An introduction to pvpanic

April 5, 2022 | 10 minute read
Text Size 100%:

What is pvpanic

This blog entry explores a little known feature called pvpanic, which is a paravirtualized device emulated by QEMU and used by the guest OS to report to the VMM when it experiences a panic/crash. This mechanism allows a guest OS kernel to signal the hypervisor when it panics, before any crash dump is collected.

We will describe the behavior and settings required for a Linux guest. Windows guests show similar behavior in the majority of scenarios, but a separate blog entry will be dedicated to discuss the work needed to accomplish this.

How does pvpanic help

If you are a cloud operator (or run a particularly cool home lab), you will occasionally experience issues connecting to the Virtual Machines in your fleet. This can be caused by problems in your infrastructure like a hypervisor crash or network configuration issue, or it could be due to a guest OS level issue like a hang or a kernel panic. We can typically figure out exactly what happened by inspecting logs and checking the status of various services, but it might take some time before either the customer or the operator notices that something has gone wrong.
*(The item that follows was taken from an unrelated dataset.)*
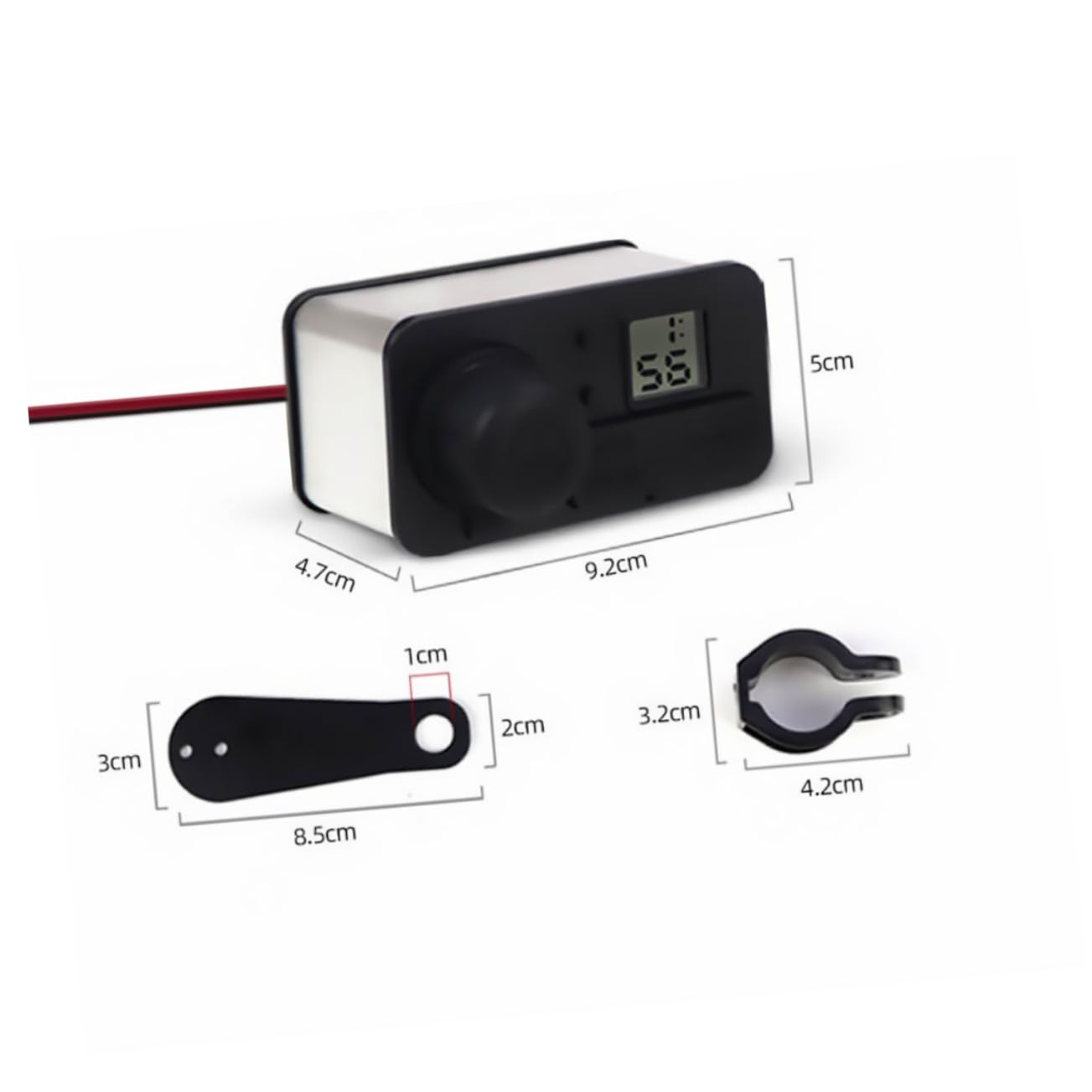 SHINEOFI Caricabatterie Usb Per Con Adattatore Per Accendisigari e Supporta Ricarica Rapida Per Telefoni e Tablet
A cloud operator using QEMU will usually have a monitoring service on the hypervisor listening for QMP events. If a pvpanic event is received, this provides a clear and immediate signal that there is a problem originating at the guest OS level: the guest kernel has experienced a panic. Depending on the event received, it also tells us whether or not a crash dump will be attempted.

From a fleet management perspective, pvpanic provides us with the ability to categorize and root cause unresponsive instances. It helps determine when the instance is down due to a guest level issue, as opposed to an infrastructure (e.g. hypervisor crash) problem, and that information can be used to update metrics and/or alert a customer that their instance has suffered a guest level issue and requires corrective action.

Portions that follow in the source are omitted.